This is the reason that a lot of birds never become tame. People rush rush rush to get the bird to do what they want to do and instead end up with a bird that is deathly scared of them. Taming should go at the bird's pace, doing what the bird is comfortable with. Never stick your hand any closer to the bird that he likes. Leave it where it is (that first alert position is saying "that's far enough") til he relaxes, then move it closer. Continue this til he doesn't mind the hand touching them. Its a long process and not easy in the least. Besides the fact that he's in a new environment right now. Give him a chance to settle in first before jumping into taming.


----------



## Erinsmom (Sep 7, 2012)

This is why if you want a tame bird you should buy a tame bird. Honestly it is riduclious to say after ONLY 3 days your worried the bird may never be tame. But you know what it may never be then what?? It could take months of slow labourous process to get the bird to even accept you. it may take a week. Its only up to you in the sense if you do not follow the birds lead you could ruin it and it never work. THIS is my personal pet peeve. We should only get pets we are willing to accept just the way they are. That if they NEVER change they have a safe and loving home with us. that we will respect their needs and comfort level. if they become more tolerant of us YEA!!! If they allow us to become friends AWESOME but you should never force yourself on any animal because it could very well back fire.

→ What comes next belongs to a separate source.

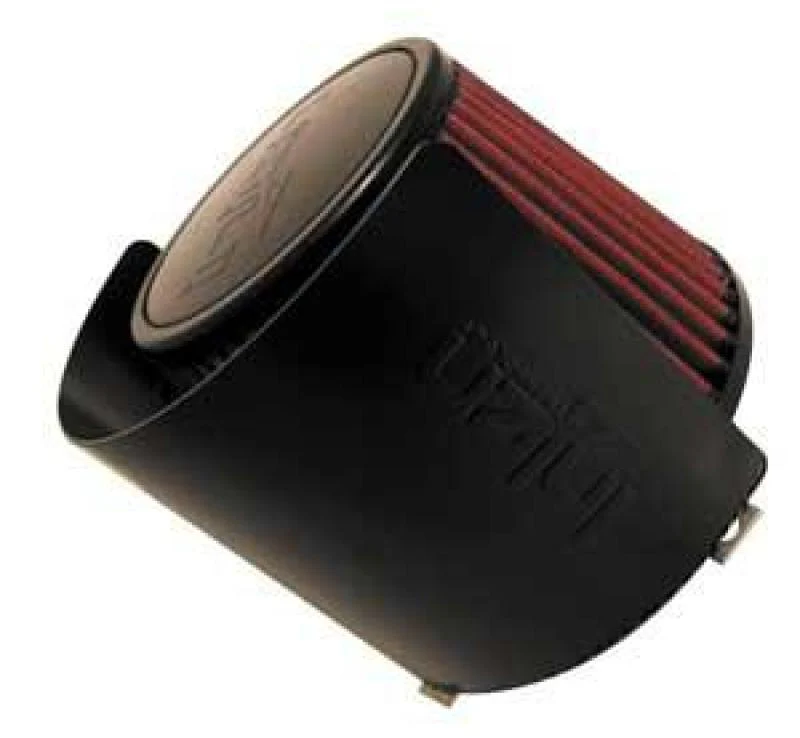 Injen Aluminum Air Filter Heat Shield Universal Fits 3.50 Black - Image 4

You should also never accept any animal that you are not determined to give a loving safe home no matter.


----------



## wilfred (Apr 19, 2013)

Erinsmom is quite right I think, your cockatiel is still very very nervous in brand new surroundings, just think how a young child would feel in similar circumstances, but given time and allowing him to get to know you in his own time I'm sure he'll become tame. If he is only 3 months old he is still a baby and I'm sure he will settle. My Joey is a much older bird and although I'm sure he has been used to being handled it has taken him 4 weeks to get settled in and now he is showing more trust with each passing day. Also I think you should bear in mind that Cockatiels are far more easy to get tame than african grey parrots that you refer to in your first post, I think Cockatiels are probably the best species of pet bird for becoming tame. Just keep positive.


----------



## TJSueBee (Mar 19, 2013)

*Hang in There. *

Hang in there and keep trying - it may take a while. 

Our 6 year old TJ came to live with us after his original owner - my elderly mom - passed away. He was such a joy to her,  but she couldn't get him out of his cage. He became defensive when necessary to be taken out - biting, hissing and backing away.

For a year, we've worked with TJ - and the efforts paid off.  He now loves being held and chatters until we get him out of his cage for play and cuddle time.


----------



## subhasis roy (Dec 21, 2012)

What happened with ur african grey parrot??
Can i know on wat age have u boyght the african grey parrot?Is it wild catch??
If its not wild catch the african grey parrots can be easily tamed.If urs not tamed then there must be some problem with ur training or the bird must be feared of something where they are leaving in ur room.


Lets come to Cockatiel,from my personal experience ,
When i first bought a cockatiel from a local breeder he is 7-8 months old & parent fed ,not at all tamed.He is with 6-7 other cockatiels on a small cage & definitely never ever been outside of the cage & on human touch.

At first 2 -3 days my cockatiel haven't even eaten or drink well,i am contusly awake for 72 hours may be fallen asleep for some minutes but checked my bird every hour whether he is feeling scared or anything in new weather & tried to learn his behaviour & his problems.
I started talking to him,offering him many types of foods whether he have eaten or not & talked with him.
After just 5 days he started to eat seeds from my hand from the cage bar. 
Now after 6 moths he is that much tamed that anytime i put my hand/finger above his head he lets me pet him & ask for head scratches,give me kisses whenver i do the kiss sound & whistles all day.

U should follow the simple procedures which workd for me--

1- Many experinced members of this site will give u many tecniques to tame ur birdie.try the tecniques which is best suitable for u first & then go to diffrent techniques if the thngs doesn't work out.Atleast that what helped me when i am a new owner.

2- Firstly u shdnt rush.

3- 3 months is too young & bird may be scared don't force him but as a young bird its easy to tame ur bird.

4-Now talk with him/Whistle keep it in a place where he don't feel scared.

5- He should be in a place where he can see the house activity & all ,like dinings where tv is on.

6- Offer him food regularly from ur hand ,so that he can see ur the one who is goving him food & taking care of him.

7- Slowly start to offer treat from ur hand from the cage bar.

8- If the bird takes food from ur hand from the cage bar then after 15 days put ur hand inside the cage & ofer him food with no bars beetween u & the bird,keep in mind u shldn't move ur hands when doing so,wait wait & wait the bird will come,keep ur hand inside for 10 mints if he don't come then again keep ur hand inside after 10 mints.

This all takes atleast 40-50 days depending on the bird & ur love towards him.


----------